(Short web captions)
──────────
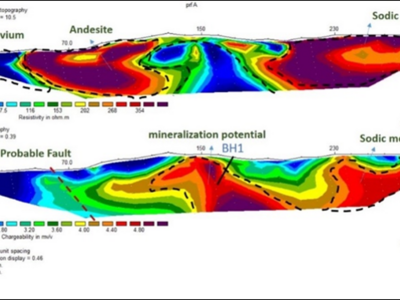 Study of environment and mineralizing control factors (deposit type) of Soheil-Abad deposit in Naein ophiolite sequence (Isfahan), an approach for gold, copper and iron exploration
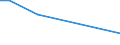 KN 02073611 /Exporte /Einheit = Preise (Euro/Tonne) /Partnerland: Kasachstan /Meldeland: Europäische Union /02073611:Teile von G„nsen `hausgeflgel`, Entbeint, Gefroren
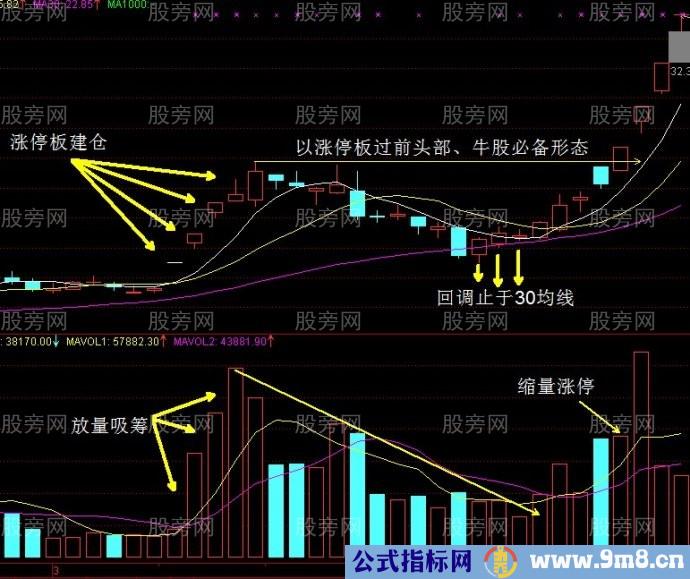 短线抓牛股的必备绝招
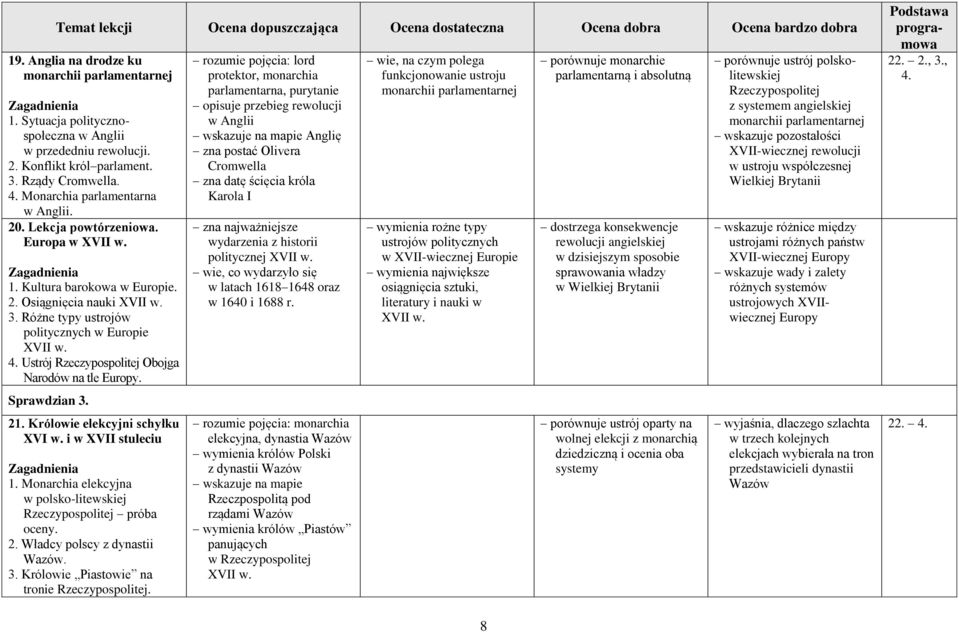 Sprawdzian 3. 21. Królowie elekcyjni schyłku XVI w. i w XVII stuleciu 1. Monarchia elekcyjna w polsko-litewskiej próba oceny. 2. Władcy polscy z dynastii Wazów. 3. Królowie Piastowie na tronie.
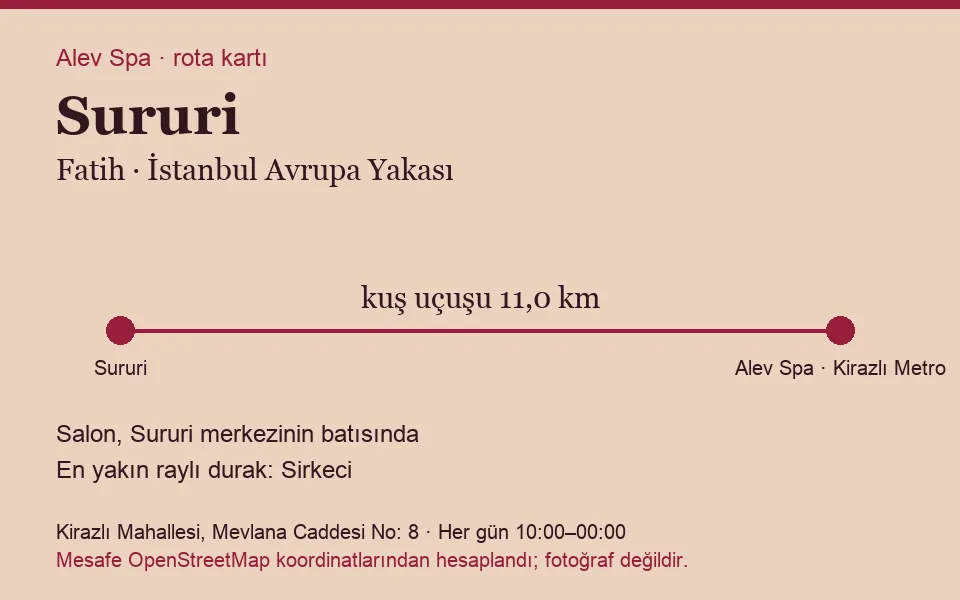 Sururi masaj salonu rota kartı: Alev Spa'ya kuş uçuşu 11,0 km, salon batısında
──────────
TASK:
Begin at the line containing "KN 02073611 /Exporte" and extract every line through the end of the records, inclusive, exactly and only; omit pictures.

OUTPUT OF THE EXERCISE:
 KN 02073611 /Exporte /Einheit = Preise (Euro/Tonne) /Partnerland: Kasachstan /Meldeland: Europäische Union /02073611:Teile von G„nsen `hausgeflgel`, Entbeint, Gefroren
 短线抓牛股的必备绝招
 Sprawdzian 3. 21. Królowie elekcyjni schyłku XVI w. i w XVII stuleciu 1. Monarchia elekcyjna w polsko-litewskiej próba oceny. 2. Władcy polscy z dynastii Wazów. 3. Królowie Piastowie na tronie.
 Sururi masaj salonu rota kartı: Alev Spa'ya kuş uçuşu 11,0 km, salon batısında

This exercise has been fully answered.